Suppose two UDF get pipelined, each UDF consume 3s on each batch (and suppose the worker node have enough cores to parallely run the 2 UDFs). And suppose the buffer can hold 100 batches. Then:

My PR: The first 100 batches computation will consume time about: 100 * 3s.
Master code: The first 100 batches computation will consume time about 100 * (3 + 3) s.

Typical scenario
In the machine learning case:

  1. in order to make realtime prediction, we will make batch size very small.
  2. in ML prediction we will schedule the computation to GPU, so UDF computation on each batch will consume massive time.
  3. ML prediction output will usually be a label (scalar value), so the output batch is small in bytes, so there will be many output batches accumulated inside the Python UDF process output buffer, this make downstream UDFs lag behind. See example above.

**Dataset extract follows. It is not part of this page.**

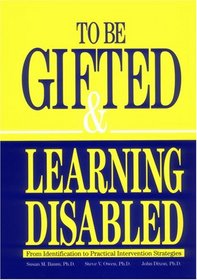 To Be Gifted and Learning Disabled: From Definitions to Practical Intervention Strategies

That's the difference. Thanks!

@BryanCutler
Copy link
Member

What about sending large batches to Python, then taking smaller slices of each batch before sending for inference? Pyarrow supports zero-copy slices. In your use case you make 100 write calls to Python where 1 would be enough, and that adds some overhead.

@WeichenXu123
Copy link
Contributor Author

WeichenXu123 commented May 31, 2019

@BryanCutler

"Making batch size small" is the ML realtime inference requirement. This is another issue. Such as, input data coming from a stream, we need deal with coming data as soon as possible instead of accumulating a large batch.

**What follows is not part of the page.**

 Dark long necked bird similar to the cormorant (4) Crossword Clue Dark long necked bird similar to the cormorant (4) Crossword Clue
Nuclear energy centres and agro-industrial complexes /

Under the case "we already choose small batch size", this PR improve the pipeline performance.

Thanks!

@HyukjinKwon
Copy link
Member

BTW, is the buffer size 65536 bytes? So .. the issue is that we should wait until 65536 bytes is full? Why don't we simply add a config to control the buffer size then?

@BryanCutler
Copy link
Member

BTW, is the buffer size 65536 bytes? So .. the issue is that we should wait until 65536 bytes is full? Why don't we simply add a config to control the buffer size then?

Yes, I think this is the right approach if there is too much latency between endpoints. There is a config for the Scala side spark.buffer.size already

@WeichenXu123
Copy link
Contributor Author

WeichenXu123 commented May 31, 2019

@BryanCutler But python side write buffer size is hardcoded... and I doubt Scala side spark.buffer.size used in spark widely in other buffers config.
Another issue is that user is hard to estimate the accurate batch size in bytes. In contrast, per batch flushing is more accurate, only when one batch generated we need flushed it.

We can discuss in two case:

  1. In most cases, we always use default batch size (spark.sql.execution.arrow.maxRecordsPerBatch=10000), this case one batch in bytes is large, so per batch flushing will only influence performance slightly.
  2. In some cases such as ML realtime inference case, we make spark.sql.execution.arrow.maxRecordsPerBatch small, this case per batch flushing show its performance advantage (See above discussion)

@BryanCutler
Copy link
Member

@WeichenXu123 this change might improve perf for your case where a pandas_udf takes massive amount of time on small data, but my concern is it could have a negative effect on other cases where IO is the main bottleneck. This PR changes all pandas_udf IO, not just scalar ones too. Could you not post a simple benchmark script and run some numbers?

@WeichenXu123
Copy link
Contributor Author

@BryanCutler Sure I will benchmark. And I can change it to be only Scalar UDF do per batch flushing.

@HyukjinKwon
Copy link
Member

Can't we add a configuration to control this buffer size,

infile = os.fdopen(os.dup(sock.fileno()), "rb", 65536)
outfile = os.fdopen(os.dup(sock.fileno()), "wb", 65536)
here?

and presumably

sockfile = sock.makefile("rwb", 65536)
as well for Windows

@SparkQA
Copy link

SparkQA commented Jun 3, 2019

Test build #106081 has finished for PR 24734 at commit 4f8b8c3.

  • This patch fails to build.
  • This patch merges cleanly.
  • This patch adds no public classes.

@BryanCutler
Copy link
Member

Thanks for posting some benchmarks @WeichenXu123 , I ran them and got similar results and it doesn't look like this would have a negative impact. For the pipeline case, I did try changing the buffer size and saw the same improvement compared to this PR. I still think this is a better solution because it's cleaner and would also help with non-pandas udfs, but I'm not against this PR if you want to continue this way.

BTW, when changing the buffer size, you don't have to guess the batch size. Any write that is larger than the buffer will just write immediately. This is effectively a flush, but better because that would first copy the memory to the buffer then wait for another call to flush to write. So you can set the buffer size very small - in Python just 0 to turn off buffering.

@WeichenXu123
Copy link
Contributor Author

@BryanCutler yes, I also consider about tuning "buffer size", but one of my concern is, user may mix ML prediction with other simple udf (such as data preprocessing). Such as, some data from spark streaming, first run a simple udf, then a pipelined complex udf (which do ML prediction), if we tune the "buffer size" globally to be small, then it will hurt the first simple udf performance.
@mengxr What do you think ?

Thanks!

@SparkQA
Copy link

SparkQA commented Jun 7, 2019

Test build #106262 has finished for PR 24734 at commit ed7aee0.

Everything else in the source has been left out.